Sen. Kit Bond (R-Mo) is not incorrect by pointing out that prognostication is hardly an exact science. But obviously, not even the most basic of post-war planning was done by this Bush Administration, and again, anticipating the best case scenario and "planning" for that is what stupid people and small children do; grown-ups understand that life is rarely like that, and proper planning prevents poor performance. Part of this was because of the political sell-- the insanely stupid overselling of the benefits of a war and underselling of the costs. But part of it was just stupid people (and yes, Gen. Tommy Franks, and Doug Feith, I mean you) and crazy people (and yes, Rummy and Wolfowitz, I mean you) getting together, to do something so remarkably catastrophic because it was both crazy AND stupid. And all under the direction of someone crazy and someone stupid.

And there we have it. And this is the fundamental problem with the whole Iraq funding "debate". You see, now, over four years later, fools like me, who only happened to be right on absolutely everything for exactly the right reason, can point out to so-called "liberal hawks" and fence-sitters and so forth, many of whom now have buyers' regret about the damned war they supported (in many cases for fantasy reasons like "it will somehow help Israel", "Saddam is the new Hitler" and so forth)... that they forgot that the war wasn't going to be conducted in some ideal world by super-men. It was going to be conducted in this world, by Don Rumsfeld's Pentagon, by generals who had survived his purge (Eric Shinseki, for example, did not, because he insisted on saying the correct amount of troops needed for the adventure), and by George W. Bush's Karl Rove-driven political/propaganda machine, and under the irrational ideological shop of Dick Cheney... Get the picture?

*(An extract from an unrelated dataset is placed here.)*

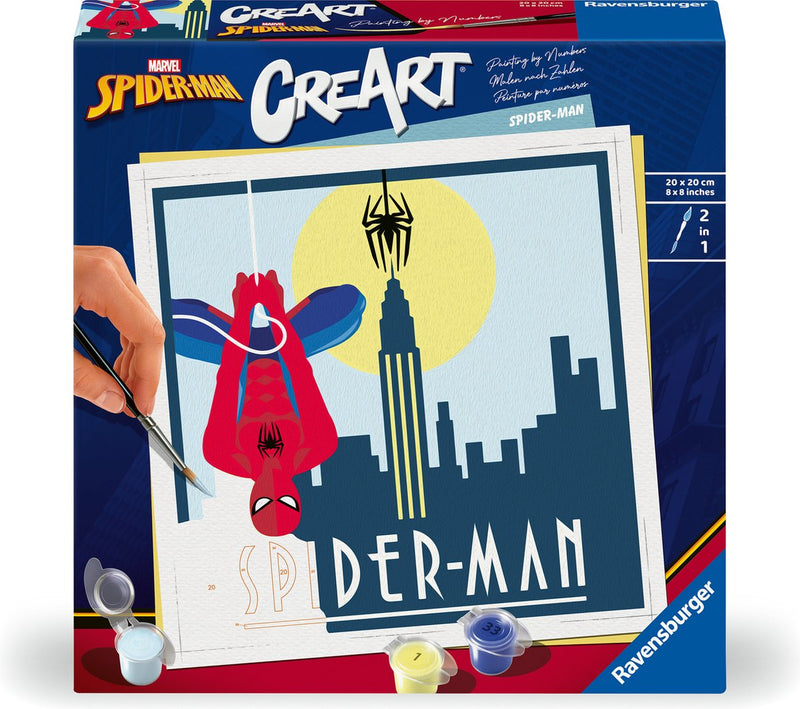 Load image into Gallery viewer, Ravensburger creart schilderen op nummer - marvel spiderman
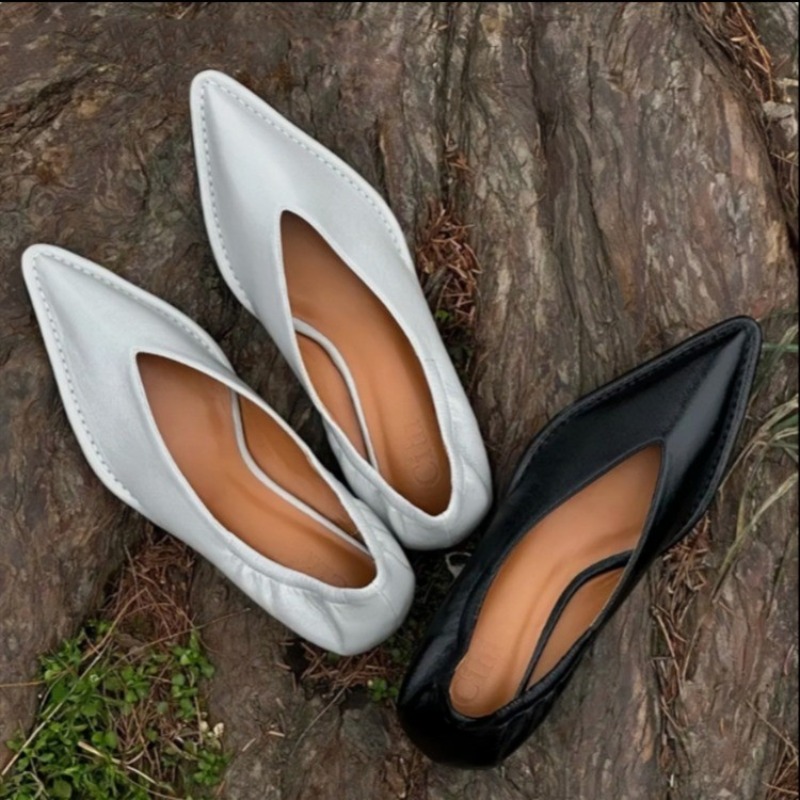 2025 New Pointed Toe Single Sh - Women'S Fashion For Summer 2025 recension och pris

In March of 2003, just as now, anyone capable of objective observation knew that the Bush Administration had pretty much dropped the ball on dealing with AQ-- while the 9-11 plot could have happened against the most diligent and effective counter-measures, we had... far less than the most diligent and effective counter-measures were actually put in place. Indeed, the President's response to desperately concerned CIA briefers was "you covered your ass." Similarly, the stunning and decisive victory over the Taliban was allowed to be undermined by letting OBL and AQ leadership by and large escape, and by failing to consolidate the win by allowing Afghanistan to backslide into chaos-- and this was all clear by early 2003.

In short, this was hardly the Administration to trust with a blank check over something infinitely harder-- like taking on a substantially harder nut to crack like Iraq, something that Bush II denizens like Dick Cheney and Colin Powell were not willing to do a mere dozen years earlier when they worked for Bush Pere.

And yet... so many were willing to go along this time, still in the irrational post-9-11 haze. And here we are now, in a position with no real good options. Indeed, the Grey Lady, always a fan of the war and indeed one of its key boosters (despite the minstrel's tears often shed by its irrelevant editorial page), today has an article noting that most Iraqi officials and citizens believe violence and strike will increase if American forces leave Iraq. You think? Hobson's choices become that much worse when nobody understands anything; just as most Americans (to be fair, I don't believe that "support for the Iraq war" was ever overwhelming; in the early days, it may have been a bare plurality) didn't give two-s***s about debating the merits of the undertaking, simply assuming that Saddam Hussein had personally ordered the 9-11 attacks and was working on nuclear weapons for his follow-up... no one, really, is thinking about the consequences of just getting out.

"Both sides" are not fully rational at the moment-- either those accusing the other side of treason and surrender, or the "time-table" crowd, who just wants American casualties to end, and has no idea of the consequences of abandoning Iraq to its fate under the present circumstances. (As I intimated here, of course, all our options just happen to be bad, but that's just part of having an inadequate national understanding, is it not?) Those of us who were right all along... well what can we do? Not even the Congress we helped elect that we thought could change things... is willing to.

So there you are. While the Bush Administration loved to kick the intelligence community around, blaming it for its inadequacy in predicting the 9-11 attacks or in overstating the Saddam WMD threat... by and large, our intelligence community is still staffed by and large by competent career professionals who are well-trained, well-educated, and trying to do a decent job. That there are times when it is politically convenient to ignore their work, and then blame them for the mistakes of politicans, does not make their work less important... and when they are right, as they often are, well... what else can you say?

And that's just it. A perennially "positive attitude" may play well to an all-too often half-witted electorate... but if it means failing to acknowledge potential problems resulting from policies and making appropriate adjustments and contingency plans... that's both crazy and stupid.